Les ministres qui composent ce comité, le Premier Guy Verhofstadt (VLD) et les vice-Premiers Laurette Onkelinx (PS, Justice) et Patrick Dewael (VLD, Intérieur), ainsi qu'André Flahaut (PS) pour la Défense et Renaat Landuyt (SP.A) pour la Mobilité, visent donc désormais l'expression des idées fondamentalistes, racistes, extrémistes et même anarchistes.

Or, comme l'indiquaient dimanche nos confrères du «Het Nieuwsblad op zondag», ledit comité a -discrètement- approuvé ce plan le 25 mars dernier. On n'en connaît pas tous les détails, sécurité oblige, mais il est question de la surveillance des messages radicaux, de la TV aux radios en passant par Internet et y compris les prêches et pamphlets.

Sachant que le Collège du renseignement et de la sécurité (qui réunit pour sa part des représentants du secteur du transport, de la douane, de la police, des services de renseignement, etc.) est partie prenante, il est évident qu'il est également question de la sécurité du territoire ainsi que de la présence, sur celui-ci, d'éléments extrémistes.

On sait aussi que ce plan fait suite à un travail préparatoire du Groupe interforces antiterroriste (GIA), qui avait été chargé de faire le relevé de tous les instruments juridiques et opérationnels dont l'Etat dispose en cette matière, afin de voir si des lacunes subsisteraient. «Cela ne paraît pas être le cas», nous indiquait ce week-end Pascale Vandernacht, directrice de cabinet adjointe chez MmeOnkelinx.

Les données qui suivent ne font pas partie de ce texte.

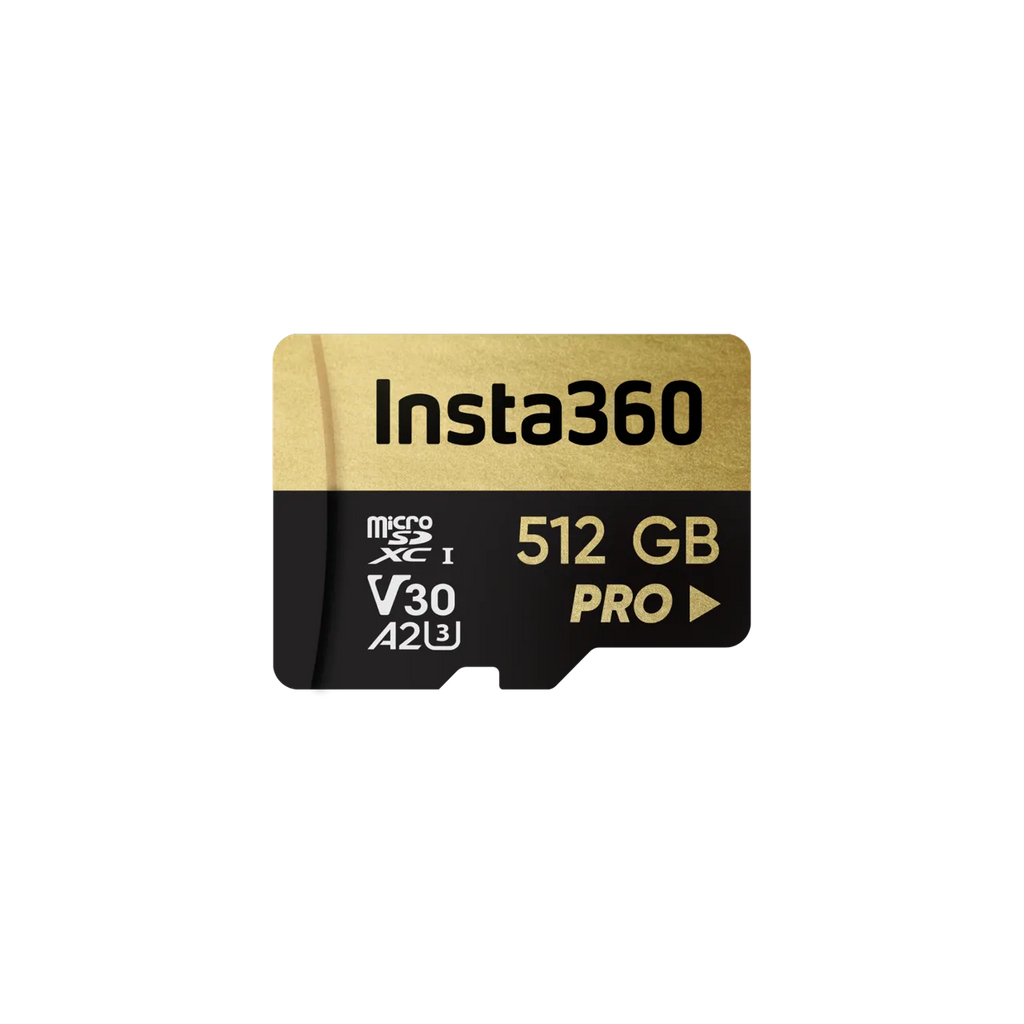 Insta360 512GB Memory Card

Elle insiste sur le fait que tout cela résulte «d'une nouvelle approche gouvernementale véritablement volontariste contre le terrorisme et l'extrémisme», comme en témoignait l'ordre du jour dense du CMRS, consacré aussi à la sécurité dans les aéroports, sur le rail, etc.

Et l'Organe anti-menace?

Quid, à ce sujet de la création de l'OCAM, l'Organe de coordination et d'analyse de la menace, qui devrait, à terme, remplacer le GIA? «Il était également à l'ordre du jour, répond MmeVandernacht. Le projet de loi a déjà été approuvé par le conseil des ministres et Mme Onkelinx le soumet maintenant à la «Commission vie privée». Il sera ensuite dans les mains du Conseil d'Etat puis, enfin, au Parlement.»

Tout devrait être prêt avant les vacances parlementaires, estime-t-elle.